The research also showed one in seven employees admitted to having feigned an illness to get off work, with those who do “pulling a sickie” an average of three times per year. More than half of business owners confessed to having contacted an employee when they were on sick leave, a figure that jumped to 72% for 18 to 34-year-old business owners.
42% of employees “pulling sickies” do so due to needing rest, the figures showed, whilst almost three-quarters (71%) of business owners expect employees to come in to work if they have a common cold.
Jonathan Richards, CEO of breatheHR, said that Britain is facing a “costly absence epidemic”.
“At a time when the government is attempting to decipher the ‘productivity puzzle’,” he said, “over two million people are calling in sick when they are in fact not.
“Imagine if that number was halved, what uptick in economic performance would that deliver to the UK economy and SMEs.”
16-day commute for some IT workers
In other work efficiency related news, a study by job board CV-Library found this week that more than half of IT professionals (54.5%) are spending up to 16 days a year commuting to and from work, with over a quarter (27.3%) of professionals commuting for up to four hours every day.
The survey of 1,200 workers also found that 70.4% are willing to relocate to make their commute shorter, whilst 45.5% of workers say they enjoy their commute.
45.5% of workers, the survey said, would turn a job if it required a longer commute.
Lee Biggins, founder and managing director of CV-Library, said it is “alarming” to know that many IT professionals could losing “days, even weeks, even years” to their commute.
“But at least some do appear to be enjoying it,” he added.
Insurance executives are embracing machine learning
More than half of insurance executives are now using machine learning for predictive modelling, says a study published this week by software platform Earnix.
The survey of 200 insurance executives showed 54% saying they use machine learning to analyse and model potential scenarios. Of those deploying the technology, 70% use it for risk modelling, 45% for demand modelling, and 36% for fraud detection.
The survey also showed that lack of knowledge is the main barrier to the technology’s further adoption, with 82% admitting that their business is “relatively inexperienced” in machine learning.
Udi Ziv, CEO of Earnix, described the use of machine learning within insurance as a “powerful trend that will quickly become a competitive edge for those who embrace it”.

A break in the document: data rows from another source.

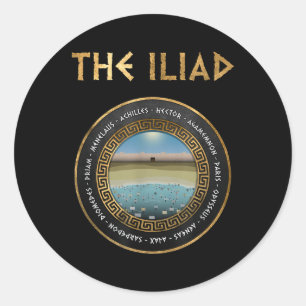 De Ilias helden van de Trojaanse oorlog Ronde Sticker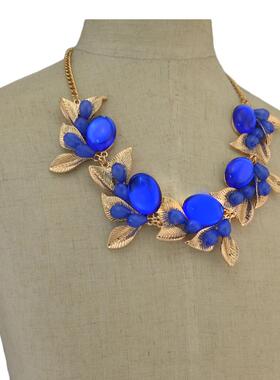 复古绿色时尚毛衣链夸张欧美风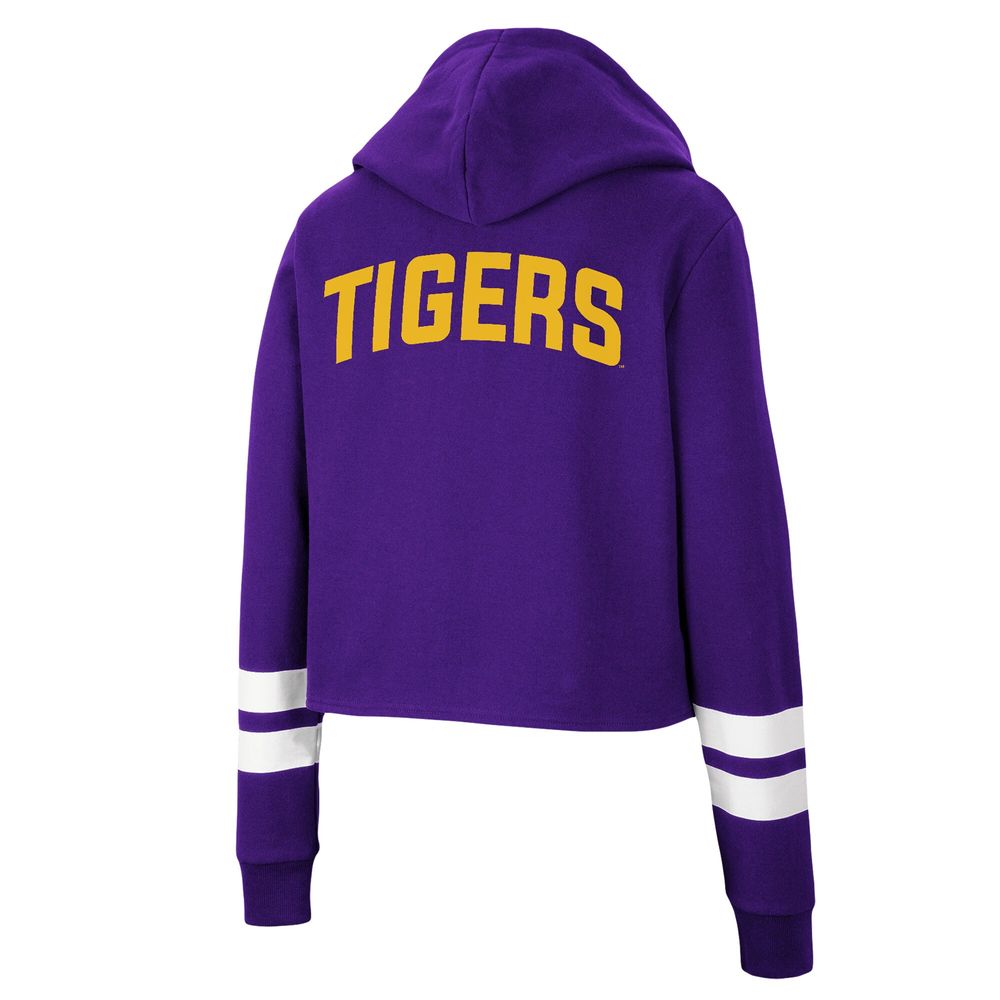 Women's Colosseum Purple LSU Tigers Throwback Stripe Cropped Pullover Hoodie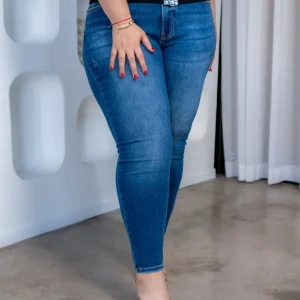 Jeans Curvy Skinny Tiro Alto Lavado Oscuro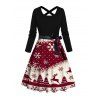 Couple Outfit Christmas Tree Elk Snowflake Print Belt Dress and Shirt Set - Rouge Vineux S | US 4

UK mortgage giants ‘failing’ customers online
Three of the UK’s biggest mortgage providers are ‘failing’ customers online, research from London-based digital agency Dock9 shows this week.
The study of 19 mortgage lenders, including First Direct, Halifax, and HSBC, found that of all lenders engaging with customers online, more than half (53%) “ignore” mobile and tablet users by declining to design websites fully suited to those devices.
Mark Lusted, managing director of Dock9, says that although most mortgage deals are brokered through intermediaries, “the customer experience for the end-user is still a key differentiator that can help set lenders apart from one another – especially for younger customers”.
Smartphones, the new trousers
More than half of Britons would rather lose their trousers than their smartphone, research from American ADC manufacturer A10 Networks shows this week.
The survey of more than 2,000 businesses and IT professionals show that work and personal apps have become “integral to daily life” among workers, with many comparing them to basic requirements like “eating, breathing, and socialising”
Over three-quarters of Brits say they simply “cannot live without apps”, the firm says, with two in five (42%) saying that apps are “equally or almost as important” as eating, breathing, and drinking.